Background information
- Born: January 29, 1944 The Bronx, New York, U.S.
- Died: April 13, 2010 (aged 66) New York City
- Genres: Jazz, avant-garde jazz, free jazz
- Occupation: Musician
- Instrument: Drums
- Years active: 1960–2009
- Labels: Motown, Mustevic, Domino
- Website: steve-reid.com at the Wayback Machine (archived 6 April 2010)

= Steve Reid =

American jazz drummer (1944–2010)

Steve Reid (January 29, 1944 - April 13, 2010) was an American jazz drummer who played with Ornette Coleman, James Brown, Fela Kuti, Kieran Hebden, and Sun Ra. He worked as a session drummer for Motown.

== Biography ==
Born in the South Bronx, Reid started drumming at 16. His family moved to Queens, New York, three blocks away from John Coltrane. Before attending Adelphi University in Garden City, New York, he worked as part of the Apollo Theatre House Band and recorded with Martha and the Vandellas under the direction of Quincy Jones.

In 1969, Reid refused to register for the draft during the Vietnam War. He was arrested as a conscientious objector and sentenced to a four-year prison sentence at Lewisburg Federal Penitentiary, where he served with Jimmy Hoffa.

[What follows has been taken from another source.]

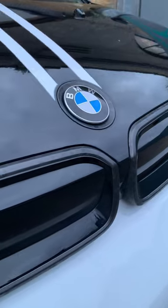Let us know what you think of the modifications. Would you be tempted by any of the forged carbon bits, the metal pedals, or the exterior stripes?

After his release on parole in 1971, Reid found work as a session musician with Dionne Warwick, Horace Silver, Charles Tyler, Sun Ra, and Freddie Hubbard, in addition to Broadway stage work.

In 1974, Reid formed the Legendary Master Brotherhood and his record label, Mustevic Sound.

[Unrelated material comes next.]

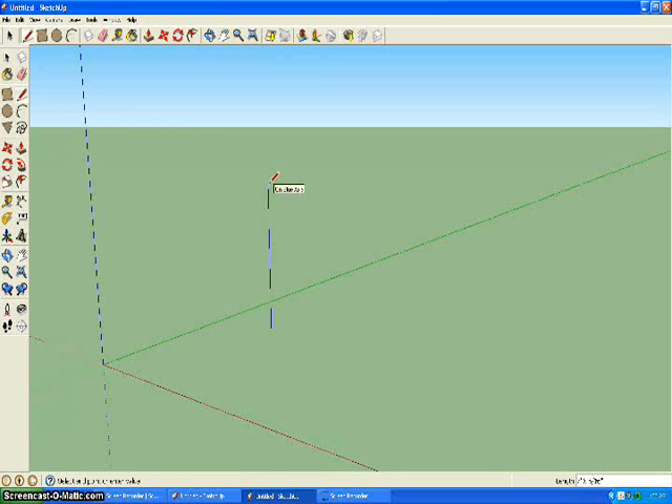You want to make a straight line, then click and type in 7 feet and click Enter. Now I have a 7-foot line that's straight up. Then you want to go straight across and type in 10 feet. Now I have a 10-foot line.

He lived in Lugano, Switzerland, for several years in later life and released several recordings for the English label Soul Jazz and the German label CPR. For his final albums, his band included Chuck Henderson (soprano saxophone), Boris Netsvetaev (piano), and Chris Lachotta (double-bass).

In 2006, Reid and electronic musician Kieran Hebden, recorded the experimental album The Exchange Session Vol. 1. The duo enjoyed this collaboration so much that they recorded three more albums: The Exchange Session Vol. 2 (2006), Tongues (2007), and NYC (2008). In an interview, Reid referred to Hebden as his "musical soul mate".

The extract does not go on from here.